The conflict is fuelled by irregular forces - India calls them terrorists, Pakistan calls them freedom fighters - who have carried out widespread bombings and shootings in Indian-controlled Kashmir and elsewhere in India. The suicide attack on the Indian Parliament at the end of last year was a particularly vicious example of this campaign. India has constantly maintained that Pakistan is training and supplying weapons to these militant separatists. Pakistan insists it only offers them moral support and that it condemns terrorism.

The truth is probably somewhere in between. The Pakistani government knows that there are many groups in Pakistan who provide an infrastructure which supports the militants. Some parts of the army are also thought to be broadly supportive and the great wave of religious fundamentalism that envelops much of Pakistan's youth is ready to turn the Kashmiri struggle into a Jihad.

General Pervez Musharraf, the Pakistani leader, wants to have better relations with India and an honourable end to the Kashmir conflict.

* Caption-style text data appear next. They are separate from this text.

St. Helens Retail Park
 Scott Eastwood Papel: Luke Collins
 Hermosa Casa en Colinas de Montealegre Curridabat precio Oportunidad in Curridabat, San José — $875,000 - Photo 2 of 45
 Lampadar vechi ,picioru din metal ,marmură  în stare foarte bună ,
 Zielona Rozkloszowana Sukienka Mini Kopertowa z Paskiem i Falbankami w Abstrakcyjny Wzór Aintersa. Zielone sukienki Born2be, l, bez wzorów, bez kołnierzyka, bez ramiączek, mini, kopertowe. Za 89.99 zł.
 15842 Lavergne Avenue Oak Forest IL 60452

He is however under great pressure to reign in the militants, not just from India but from the United States and Europe on whom his impoverished country depends financially. He has begun to take action. Whether this will lead to a decline in the bombings and shootings in Indian administered Kashmir is anybody's guess. Meanwhile the General faces even more destabilising wrath from Pakistan's religious groups.

Both countries have transferred their troops to the frontier in a gesture of sabre-rattling. Both know the costs of war and both know that they can only lose from open warfare. Both governments and their militants need to back down, to swallow their pride. Whether their people will let them is the question.